Weapons Cuts In 2015 Budget Leave Soldiers, Marines At Risk by Loren Thompson, Forbes
When the Obama Administration sends its proposed 2015 defense budget to Congress on March 4, two high-profile armored vehicle programs will be missing in action. A new Amphibious Combat Vehicle to get marines safely from ship to shore in future conflicts has been indefinitely delayed. And a new Army Ground Combat Vehicle designed to provide better battlefield mobility and protection for a nine-soldier rifle squad has also been shelved. Both moves make it more likely that large numbers of U.S. ground forces will die in future wars. What happened?

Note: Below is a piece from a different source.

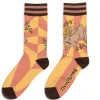 Jackalope Socks (36-46)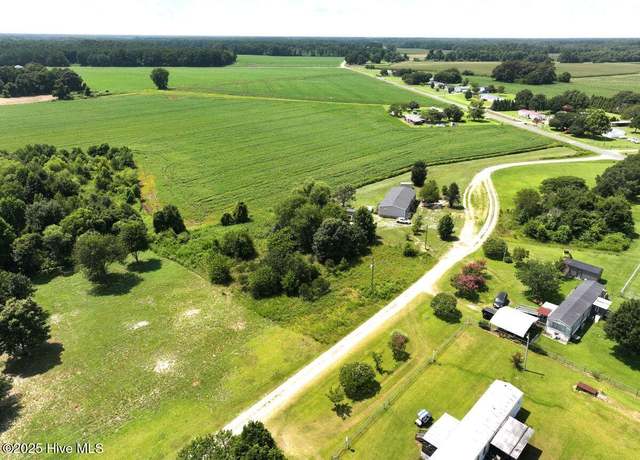 Property at Lot 4 Fox Run Dr, Pikeville, NC 27863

What happened was spending cuts mandated by the 2011 Budget Control Act, combined with the unwillingness of Congress to permit trims to activities that might have an impact on constituents. The budget law has capped defense spending while congressional efforts to insulate voters have prevented policymakers from closing unneeded bases, retiring aged weapons, or altering military benefits. So a disproportionate share of the savings required to comply with the spending caps is coming out of what the military calls “modernization,” meaning investments in new technology…
Comments
Maybe we could save a few dollars by not buying MRAP's (and all the other stuff)and giving them away to local police departments, who take them because hey why not it's free.
Smart stewardship, along with wise use of defense dollars would more than make up the savings.
Maybe you all can help me. What city/state has the biggest IED problem? Can anyone tell me where I can read about fire team/squad/platoon sized police units being ambushed here in the US?
Yes we will have a need for armored vehicles now and into the future. But a rifle squads mobility could be improved with a mere $100,000 in ATV's.
There are always considerations to buy American; it does create jobs. That aside, there likely is no one size fits all platform with regard to existing technology that satisfies the Corps' requirements for a vehicle large enough, capable of skimming fast (ability to hydroplane) from over the horizon onto the beach, and once ashore, becoming a survivable light armored fighting vehicle able of continued movement into the hinterland?
At some point, again as the previous Expeditionary Fighting Vehicle program demonstrated, good stewardship of the tax payers' money necessitates recognizing when something becomes sunk cost and just is not doable for the time being.
However, all is not lost: the Corps stands to get a number of blocks of new V-22 Ospreys and might want to look toward innovative concepts with the existing Landing Craft Air Cushion . . . Not ideal, but one needs to fall back on economy in management from time-to-time and find solutions through innovating in lieu of technology being readily or affordably available.
Articles like this need to be kept in perspective. As an example: the Marine Corps' replacement for their current aging amphibious assault vehicle has more to do with a lack of significant breakthrough in technology than it would have were funding available, as the Corps' previously cancelled Expeditionary Fighting Vehicle demonstrated.
My belief is although the Corps knows what it wants, it recognizes that isn't currently available and my former gun club would be hard pressed to justify anything more than continued R&D funding going forward unfortunately.